(Records to process Opens)
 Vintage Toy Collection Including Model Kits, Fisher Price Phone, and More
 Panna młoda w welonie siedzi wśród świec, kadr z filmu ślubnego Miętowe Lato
(Records to process Closes)
(Records to process Opens)
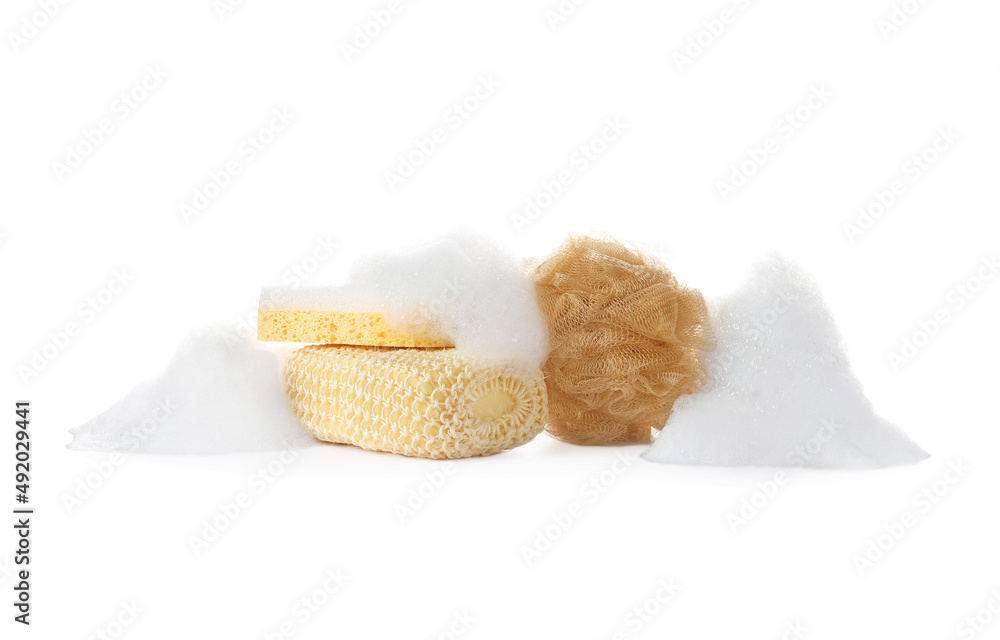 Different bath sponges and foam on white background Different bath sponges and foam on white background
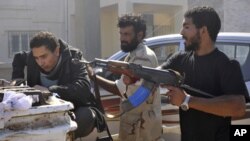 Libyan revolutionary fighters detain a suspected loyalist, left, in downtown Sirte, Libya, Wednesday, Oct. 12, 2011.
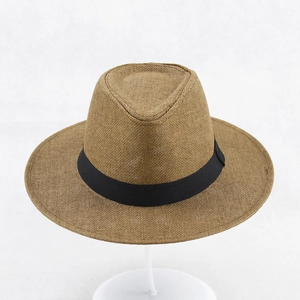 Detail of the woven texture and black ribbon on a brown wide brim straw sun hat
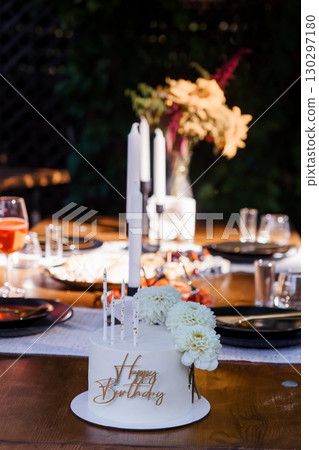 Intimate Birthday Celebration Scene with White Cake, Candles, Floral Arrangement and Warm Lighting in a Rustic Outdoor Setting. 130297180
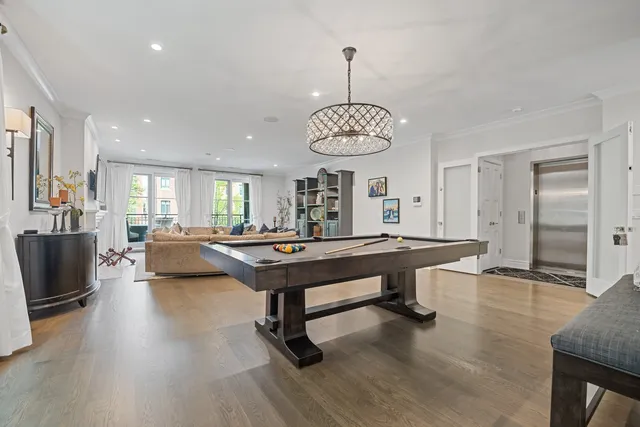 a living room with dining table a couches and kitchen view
(Records to process Closes)
- Assignment: Write out exactly the run of lines above that starts at the line containing "Intimate Birthday Celebration" and ends at the line containing "a living room". Include both, and leave the pictures out.

- Written answer:
 Intimate Birthday Celebration Scene with White Cake, Candles, Floral Arrangement and Warm Lighting in a Rustic Outdoor Setting. 130297180
 a living room with dining table a couches and kitchen view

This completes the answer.